幼い頃から本の虫だった文芸評論家の三宅香帆氏は、IT企業に就職してまったく読書ができなくなった。週5フルタイムで働き、疲れ、通勤電車や就寝前に本を開いても、ついSNSやYouTubeをぼーっと眺めてしまう。なぜ、働いていると本が読めなくなるのか? 誰もが漠然と感じている疑問に真正面から向き合い解を探った。

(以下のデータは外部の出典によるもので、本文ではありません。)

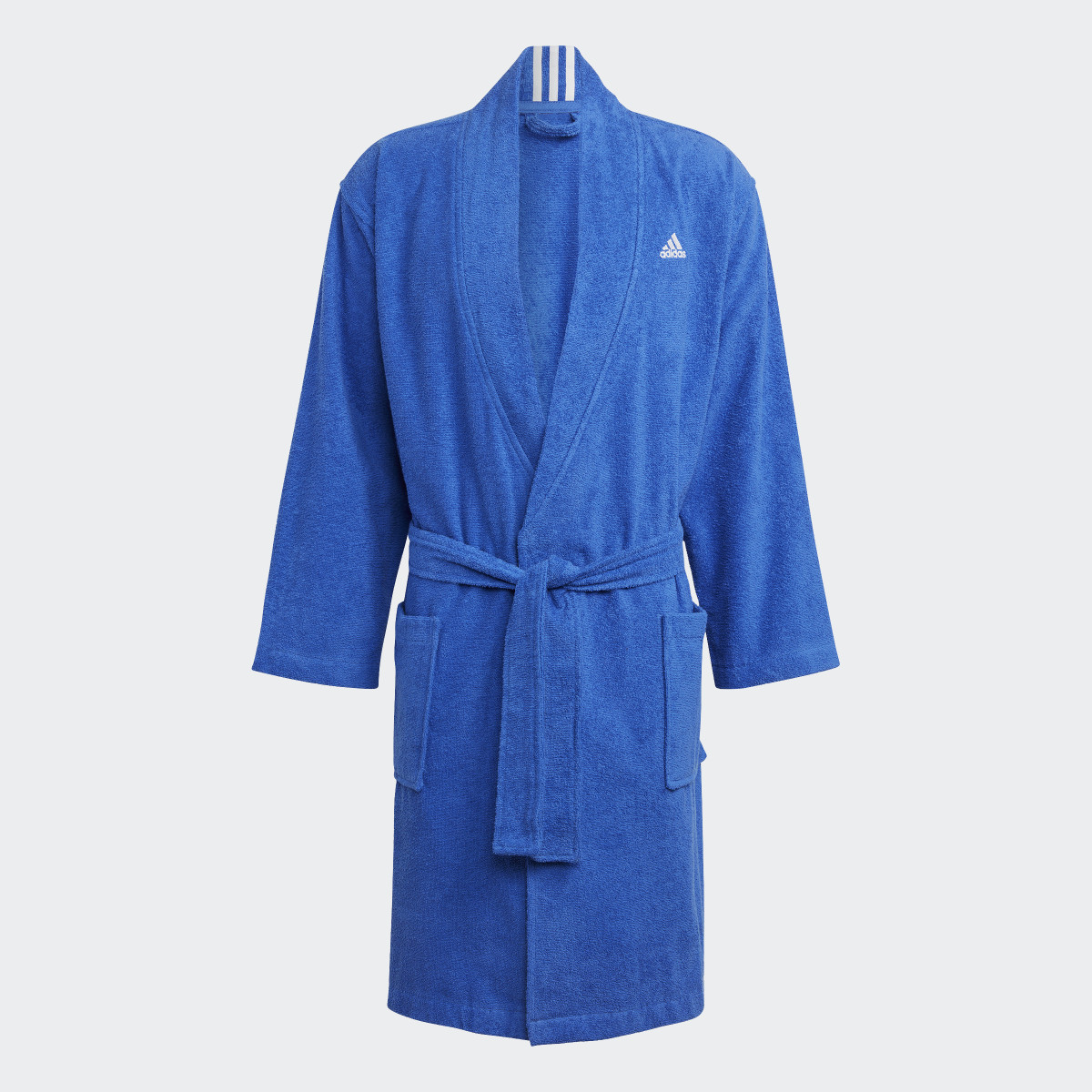 Adidas Cotton Bathrobe. 5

(JBpress)
(*)本稿は『なぜ働いていると本が読めなくなるのか』(三宅香帆、集英社新書)の一部を抜粋・再編集したものです。
■なぜ働いていると本が読めなくなるのか
(1)週5フルタイムで働き、疲れ、本を読みたくてもSNSやYouTubeをぼーっと眺めてしまう、そんな生活おかしくないか?
(2)「本を読むこと」は人生に不可欠な「文化」、ChatGPTなどAIが仕事を奪う世の中で人間らしい働き方とは
(3)男も女も全身全霊ではなく半身で働く…仕事以外の「ノイズ」も聴ける余裕が「働きながら本も読める」社会をつくる
「労働」と「文化」が共存できない社会
最初に伝えたいのが、私にとっての「本を読むこと」は、あなたにとっての「仕事と両立させたい、仕事以外の時間」である、ということです。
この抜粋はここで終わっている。